Bugs, bugs and more bugs
Filed under: Development, Linux, Projects, Ubuntu
Lately, I’ve come to realize more and more that bug handling in open source, and specifically in Ubuntu has dramatically declined in efficiency. For years I’ve been extremely satisfied with using Linux because it’s bug free, there has simply not been any serious bugs that I’ve run into. In the last weeks, I’ve run into several more or less serious bugs in Ubuntu, which got me looking at how the bug handling is done.
First off, a few weeks ago, I ran into a bug with Ubuntu 10.10 Ubiquity (the Live CD installer) where I accidentally marked my old /home drive as ext4 when it was ext3 (but not to reformat it). The installer complied happily, and set it up as ext4, but once it got back online, the harddrive was completely wiped. No warning, no nothing. I started looking around, after a while I’ve found several reports on the same matter on launchpad. For example this and this.
This lead me to take a look at Ubiquity’s other bugs in launchpad, and it’s not very promising. The main installer of Ubuntu 10.10 has 1528 Open bugs as of writing this, of which 846 bugs are new, 35 bugs are marked High importance — and the bugs I found (dare I say, they seem Critical to me, are still not marked with any importance at all). Only 12 bugs are marked as having a patch.
Fine, maybe this is not the poster child of open source. However, the last few days I’ve been severely annoyed by the password popup which is misbehaving. I enter the password, and hit enter (or hit the Authenticate button) and the password field disappears, but the rest of the dialog stays up, and nothing works in it. The only thing you can do is to kill it with the x button. When you do this, you get authenticated…
Since I’m not sure exactly how the authentication is performed in Ubuntu for the update manager etc, I decided to check the update-manager package for Ubuntu on Launchpad. What do I see, if not another package with gigantic mass of bugs filed, but noone dealing with them. 1017 Open bugs, 520 of those are New and 15 marked as High importance. This bug I’ve been having has been reported all over the net, but noone seems to be dealing with it and it isn’t really reported in launchpad. Some computers has it, some doesn’t. It’s nowhere near a critical bug, or even a high importance one, but it’s annoying none the less and it looks extremely crude and comes off giving a fairly unstable feeling.

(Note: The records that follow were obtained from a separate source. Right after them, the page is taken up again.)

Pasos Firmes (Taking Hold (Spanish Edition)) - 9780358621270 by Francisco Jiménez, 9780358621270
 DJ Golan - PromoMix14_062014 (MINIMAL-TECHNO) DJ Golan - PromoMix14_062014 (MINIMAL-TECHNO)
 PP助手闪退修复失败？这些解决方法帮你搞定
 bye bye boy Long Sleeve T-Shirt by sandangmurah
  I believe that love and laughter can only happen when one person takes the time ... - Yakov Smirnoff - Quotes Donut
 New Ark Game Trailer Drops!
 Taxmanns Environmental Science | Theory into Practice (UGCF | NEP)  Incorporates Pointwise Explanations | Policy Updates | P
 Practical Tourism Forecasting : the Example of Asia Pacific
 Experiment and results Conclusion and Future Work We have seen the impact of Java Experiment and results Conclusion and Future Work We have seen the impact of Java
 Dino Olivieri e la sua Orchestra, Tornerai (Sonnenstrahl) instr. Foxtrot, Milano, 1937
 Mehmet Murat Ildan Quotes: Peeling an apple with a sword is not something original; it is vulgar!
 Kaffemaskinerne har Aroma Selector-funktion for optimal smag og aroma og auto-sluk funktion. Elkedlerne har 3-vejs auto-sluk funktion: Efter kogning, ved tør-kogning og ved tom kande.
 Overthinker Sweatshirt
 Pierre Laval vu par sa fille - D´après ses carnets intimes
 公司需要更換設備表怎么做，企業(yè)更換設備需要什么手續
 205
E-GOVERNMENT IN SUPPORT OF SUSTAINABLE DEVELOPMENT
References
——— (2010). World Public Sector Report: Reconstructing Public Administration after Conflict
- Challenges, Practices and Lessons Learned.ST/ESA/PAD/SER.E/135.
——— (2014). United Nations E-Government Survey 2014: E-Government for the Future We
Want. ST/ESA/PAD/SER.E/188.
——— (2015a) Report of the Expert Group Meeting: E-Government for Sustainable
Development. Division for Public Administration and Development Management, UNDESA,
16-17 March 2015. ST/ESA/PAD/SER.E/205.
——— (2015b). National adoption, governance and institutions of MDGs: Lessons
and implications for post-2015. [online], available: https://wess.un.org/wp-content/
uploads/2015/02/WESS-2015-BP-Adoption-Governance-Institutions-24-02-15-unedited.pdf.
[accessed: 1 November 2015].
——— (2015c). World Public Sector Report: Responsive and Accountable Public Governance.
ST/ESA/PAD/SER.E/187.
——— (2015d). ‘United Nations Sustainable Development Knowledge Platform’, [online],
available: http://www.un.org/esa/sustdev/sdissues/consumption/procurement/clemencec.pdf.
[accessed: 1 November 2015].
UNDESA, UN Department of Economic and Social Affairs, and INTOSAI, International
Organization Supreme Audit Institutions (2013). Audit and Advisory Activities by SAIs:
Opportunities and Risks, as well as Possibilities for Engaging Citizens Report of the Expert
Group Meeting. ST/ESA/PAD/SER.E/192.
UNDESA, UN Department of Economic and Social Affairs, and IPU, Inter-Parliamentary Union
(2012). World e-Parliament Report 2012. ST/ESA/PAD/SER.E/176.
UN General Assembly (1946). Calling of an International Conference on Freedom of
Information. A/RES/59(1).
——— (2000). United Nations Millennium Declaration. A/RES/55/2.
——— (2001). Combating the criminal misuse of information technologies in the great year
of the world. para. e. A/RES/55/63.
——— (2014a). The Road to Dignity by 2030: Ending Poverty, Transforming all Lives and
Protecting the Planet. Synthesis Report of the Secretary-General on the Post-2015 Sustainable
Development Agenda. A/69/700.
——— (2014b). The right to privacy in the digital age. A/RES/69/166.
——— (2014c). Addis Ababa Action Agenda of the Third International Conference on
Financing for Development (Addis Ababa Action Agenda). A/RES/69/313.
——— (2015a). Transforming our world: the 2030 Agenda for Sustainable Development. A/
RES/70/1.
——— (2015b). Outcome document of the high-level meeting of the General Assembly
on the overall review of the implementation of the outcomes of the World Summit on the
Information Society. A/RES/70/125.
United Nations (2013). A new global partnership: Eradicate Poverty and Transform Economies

All this being said, I am wondering how bug handling is done, and how it should be managed on “aggregate” projects such as Debian and Ubuntu. I think the idea is really nice, having upstream bug trackers for each package in the project, but maybe we are spreading too thin having several bug trackers for each minor project? Also, how do we as “normal” users know which package is the reason for the error? I am not so sure it is really the update-manager that is the error in this case, it might as well be some completely other thing behind all that dbus stuff etc. Ie, what is the point of me filing bug reports if I’m not sure they wind up in the right place, or are at all looked after?